==== Task data
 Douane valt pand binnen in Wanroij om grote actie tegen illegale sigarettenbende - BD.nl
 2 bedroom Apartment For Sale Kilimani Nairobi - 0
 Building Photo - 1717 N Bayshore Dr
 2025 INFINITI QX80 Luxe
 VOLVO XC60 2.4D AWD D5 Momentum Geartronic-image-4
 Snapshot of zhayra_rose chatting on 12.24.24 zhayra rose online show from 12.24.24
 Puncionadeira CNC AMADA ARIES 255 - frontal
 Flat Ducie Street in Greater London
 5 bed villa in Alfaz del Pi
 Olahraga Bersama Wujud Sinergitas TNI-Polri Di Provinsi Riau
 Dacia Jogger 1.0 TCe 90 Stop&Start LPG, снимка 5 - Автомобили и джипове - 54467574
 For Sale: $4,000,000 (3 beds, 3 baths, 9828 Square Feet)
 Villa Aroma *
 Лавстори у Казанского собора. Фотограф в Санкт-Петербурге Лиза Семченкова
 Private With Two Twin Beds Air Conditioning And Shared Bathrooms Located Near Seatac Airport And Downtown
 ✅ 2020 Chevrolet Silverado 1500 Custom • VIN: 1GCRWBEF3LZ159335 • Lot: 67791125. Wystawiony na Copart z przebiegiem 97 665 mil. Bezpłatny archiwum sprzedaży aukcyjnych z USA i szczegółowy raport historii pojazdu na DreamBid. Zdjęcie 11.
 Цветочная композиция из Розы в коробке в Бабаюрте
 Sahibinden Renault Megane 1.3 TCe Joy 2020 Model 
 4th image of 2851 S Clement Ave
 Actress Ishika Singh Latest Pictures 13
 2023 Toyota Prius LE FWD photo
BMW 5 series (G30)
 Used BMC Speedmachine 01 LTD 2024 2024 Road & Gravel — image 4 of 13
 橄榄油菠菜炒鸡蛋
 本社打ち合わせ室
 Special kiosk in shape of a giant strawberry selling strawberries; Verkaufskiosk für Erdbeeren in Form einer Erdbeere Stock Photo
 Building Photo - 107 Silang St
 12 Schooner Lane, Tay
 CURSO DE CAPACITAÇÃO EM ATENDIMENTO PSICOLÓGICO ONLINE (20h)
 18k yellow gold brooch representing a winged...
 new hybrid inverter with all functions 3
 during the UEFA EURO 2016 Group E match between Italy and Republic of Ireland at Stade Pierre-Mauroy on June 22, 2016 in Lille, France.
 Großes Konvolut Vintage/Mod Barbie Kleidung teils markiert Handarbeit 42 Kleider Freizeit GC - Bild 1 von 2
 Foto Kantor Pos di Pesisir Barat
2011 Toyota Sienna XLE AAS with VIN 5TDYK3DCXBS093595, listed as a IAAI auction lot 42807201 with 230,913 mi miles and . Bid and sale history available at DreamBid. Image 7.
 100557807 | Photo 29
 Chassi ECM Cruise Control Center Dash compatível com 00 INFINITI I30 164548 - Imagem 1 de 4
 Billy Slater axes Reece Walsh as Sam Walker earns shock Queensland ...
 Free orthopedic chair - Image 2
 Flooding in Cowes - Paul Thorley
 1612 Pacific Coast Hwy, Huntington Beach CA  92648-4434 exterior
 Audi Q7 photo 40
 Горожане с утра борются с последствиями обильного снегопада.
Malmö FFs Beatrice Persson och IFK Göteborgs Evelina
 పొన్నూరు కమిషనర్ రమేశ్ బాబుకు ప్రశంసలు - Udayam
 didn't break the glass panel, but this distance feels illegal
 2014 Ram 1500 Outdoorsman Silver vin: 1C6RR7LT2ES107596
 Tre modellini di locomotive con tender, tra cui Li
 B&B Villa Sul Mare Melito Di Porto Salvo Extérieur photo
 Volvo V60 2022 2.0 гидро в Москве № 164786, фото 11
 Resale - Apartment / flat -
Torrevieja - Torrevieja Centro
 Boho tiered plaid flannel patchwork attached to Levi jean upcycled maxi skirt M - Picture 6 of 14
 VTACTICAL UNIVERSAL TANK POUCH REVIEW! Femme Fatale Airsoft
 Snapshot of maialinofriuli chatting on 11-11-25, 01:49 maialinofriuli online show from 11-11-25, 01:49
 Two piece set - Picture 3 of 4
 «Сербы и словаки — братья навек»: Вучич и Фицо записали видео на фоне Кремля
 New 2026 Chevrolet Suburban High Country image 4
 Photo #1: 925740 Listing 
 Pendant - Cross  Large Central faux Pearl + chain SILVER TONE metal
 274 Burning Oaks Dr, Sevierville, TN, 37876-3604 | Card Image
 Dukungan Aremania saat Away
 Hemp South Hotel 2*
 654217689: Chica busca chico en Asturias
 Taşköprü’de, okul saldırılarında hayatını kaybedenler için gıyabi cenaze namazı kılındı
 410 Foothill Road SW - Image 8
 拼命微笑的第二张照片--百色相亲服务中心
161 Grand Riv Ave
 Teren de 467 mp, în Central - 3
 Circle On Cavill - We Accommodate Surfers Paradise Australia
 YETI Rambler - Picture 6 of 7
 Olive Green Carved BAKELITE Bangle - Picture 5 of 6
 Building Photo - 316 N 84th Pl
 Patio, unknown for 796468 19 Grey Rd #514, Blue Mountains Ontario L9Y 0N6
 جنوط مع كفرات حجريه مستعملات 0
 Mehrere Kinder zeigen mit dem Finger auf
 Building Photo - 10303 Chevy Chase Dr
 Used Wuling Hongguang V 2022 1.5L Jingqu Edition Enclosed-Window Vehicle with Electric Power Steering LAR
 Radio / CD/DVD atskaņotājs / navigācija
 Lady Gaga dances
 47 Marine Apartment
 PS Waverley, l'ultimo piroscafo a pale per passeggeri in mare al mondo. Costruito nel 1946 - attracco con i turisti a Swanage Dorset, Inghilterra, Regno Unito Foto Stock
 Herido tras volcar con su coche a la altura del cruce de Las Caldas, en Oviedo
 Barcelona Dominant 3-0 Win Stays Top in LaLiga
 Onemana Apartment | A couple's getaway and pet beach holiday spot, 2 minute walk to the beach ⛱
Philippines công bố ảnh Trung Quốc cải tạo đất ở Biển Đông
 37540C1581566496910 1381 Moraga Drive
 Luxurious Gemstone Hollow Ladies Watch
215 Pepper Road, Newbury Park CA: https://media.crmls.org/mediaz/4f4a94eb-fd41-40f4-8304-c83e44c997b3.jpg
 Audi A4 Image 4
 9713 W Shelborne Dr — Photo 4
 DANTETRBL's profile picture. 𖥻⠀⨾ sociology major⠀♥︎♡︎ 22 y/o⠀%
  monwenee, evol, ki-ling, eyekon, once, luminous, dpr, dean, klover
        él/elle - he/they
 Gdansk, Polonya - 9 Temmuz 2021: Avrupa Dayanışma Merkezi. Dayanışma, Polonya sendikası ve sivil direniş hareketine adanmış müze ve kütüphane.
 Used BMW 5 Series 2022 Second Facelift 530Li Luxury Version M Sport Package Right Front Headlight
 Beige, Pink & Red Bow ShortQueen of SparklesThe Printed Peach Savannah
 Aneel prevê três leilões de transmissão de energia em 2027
========
What is needed —
Starting with the line above that holds "Onemana Apartment |" and stopping with the line that holds "Luxurious Gemstone Hollow Ladies Watch", reproduce each line exactly, omitting all other lines.

Reply —
 Onemana Apartment | A couple's getaway and pet beach holiday spot, 2 minute walk to the beach ⛱
Philippines công bố ảnh Trung Quốc cải tạo đất ở Biển Đông
 37540C1581566496910 1381 Moraga Drive
 Luxurious Gemstone Hollow Ladies Watch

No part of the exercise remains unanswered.